I have an experimental design in which I received counts data for different treatment conditions after transfection with shRNAs. The counts data from each shRNA should serve as a proxy for whether or not the gene associated with said shRNA was associated with preferential survival or death in the given treatment conditions.
The obstacle, however, is that the library used has multiple shRNAs for all of the genes. In some respects, this is a similar issue to a previous post I made with respect to PantherDB (one to which I unfortunately received no replies/insights). The EdgeR documentation (page 26) indicates that the row names should be the names of the genes in order for the program to conduct GO/pathway analysis. This requirement, however, is an obstacle for me given that I cannot have duplicate row names and genes may have more than one associated row.
As of right now, I have the row names of my dataframe set to the gene names followed by the corresponding gene number (if over one). For example, the following are all row names:
C1QL4
, C1QL4_2
, C1QL4_3
, etc.
Is there a particular way in which I could conduct Go analysis given this constraint? I was considering using a selected 'row' for each gene based on p-value and log2Fold change but do not know if this is considered a valid approach.

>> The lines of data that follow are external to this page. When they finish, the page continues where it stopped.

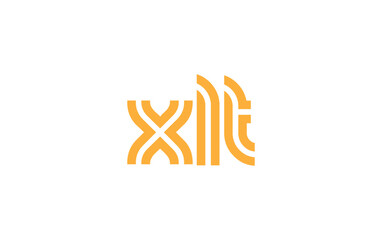 XLT Creative Unique Modern Letter Logo Design. Stylized logo featuring a unique letter design, presenting abstract minimalist aesthetics and modern appeal.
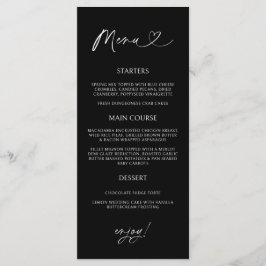Minimal Heart Menu Card Reception Formal Dinner 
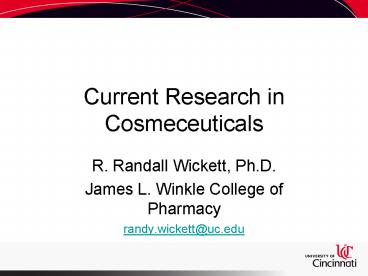 Current Research in Cosmeceuticals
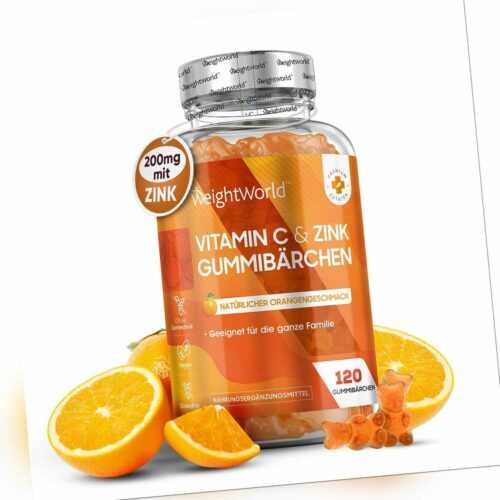 Vitamin C Zink Gummibärchen - 120 Stück - für Kinder & Erwachsene - Immunsystem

If the above is not a valid approach:
- How can I account for the fact that there are multiple 'data points' for each gene with respect to p-value and log2Fold change?
If the above is a valid approach:
- How exactly can I determine which 'row' for each gene should serve as my 'exemplar'? Is there scientific validity to choosing the row with the largest log2Fold change after some p-value thresholding? Or is that perhaps cherry-picking data?